NEON can quickly narrow a 128-bit comparision byte mask to 64-bits,
using either 'shift right and narrow (SHRN
)' or 'pack using signed saturation (VQMOVN/SQXTN
)'.
This allows the mask to be extracted to a 64-bit general purpose register on __aarch64__
.
Once extracted, the mask can be checked for all-zeros or all-ones (-1).

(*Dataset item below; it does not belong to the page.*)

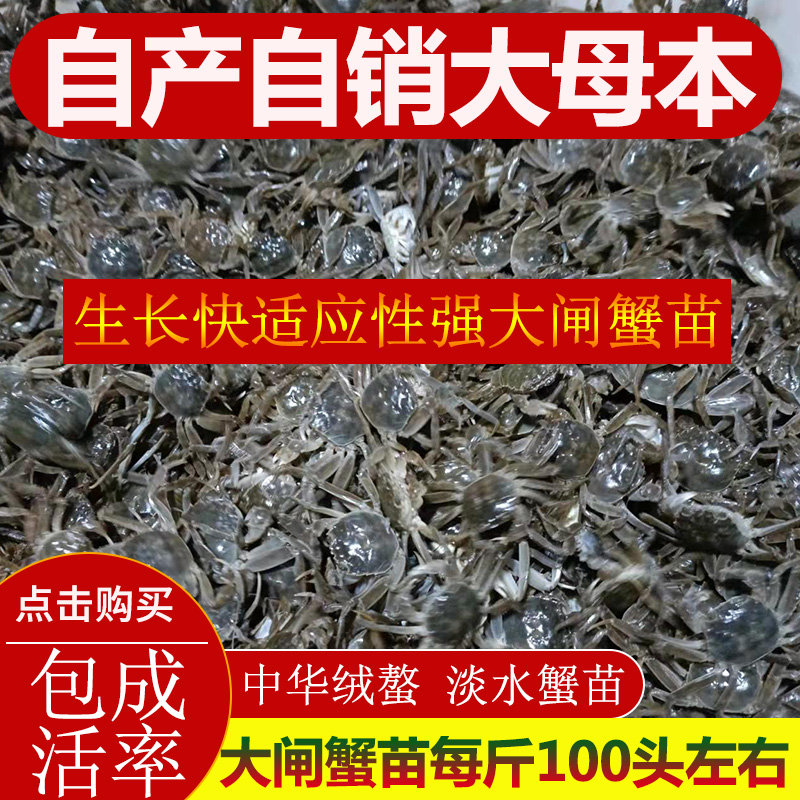 贡果丽1斤装小螃蟹苗活体免邮费养殖大闸蟹苗淡水毛蟹苗小蟹苗-封面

The first match could be found using __builtin_ctzll(m)
(rbit/clz
).
All matches could be enumerated by clearing any redunant bits then stepping with m &= m - 1
.
etc.
See Danila Kutenin's blog post Porting x86 vector bitmask optimizations to Arm NEON.
// find first match
uint8x16_t byte_mask = vceqq_u8(input, vdupq_n_u8('A'))
uint8x8_t nibble_mask = vshrn_n_u16(vreinterpretq_u16_u8(byte_mask), 4);
uint64_t m = vget_lane_u64(vreinterpret_u64_u8(nibble_mask), 0);
if (m != 0) return __builtin_ctzll(m) >> 2;
If an actual bitmap is needed:
Scalar multiplication could be used to extract bits from each 64-bit word of the comparision mask.
See Arseny Kapoulkine's blog post VPEXPANDB on NEON with Z3.
Similar to Extracting bits with a single multiplication except optimized for bytes being either 0xFF
or 0x00
.
uint64_t NEON_i8x16_MatchMask (const uint8_t* ptr, uint8_t match_byte) {
uint8x16_t cmpMask = vceqq_u8(vld1q_u8(ptr), vdupq_n_u8(match_byte));
// extract each 64-bit lane into a 64-bit general purpose register
uint64_t hi = vgetq_lane_u64(vreinterpretq_u64_u8(cmpMask), 1);
uint64_t lo = vgetq_lane_u64(vreinterpretq_u64_u8(cmpMask), 0);
// extract bits
const uint64_t magic = 0x000103070f1f3f80ull;
hi = (hi * magic) >> 56;
lo = (lo * magic) >> 56;
return (hi << 8) + lo;
}
Processing 64+ bytes in bulk may allow for a more efficient implementation of the 'movemask' operation.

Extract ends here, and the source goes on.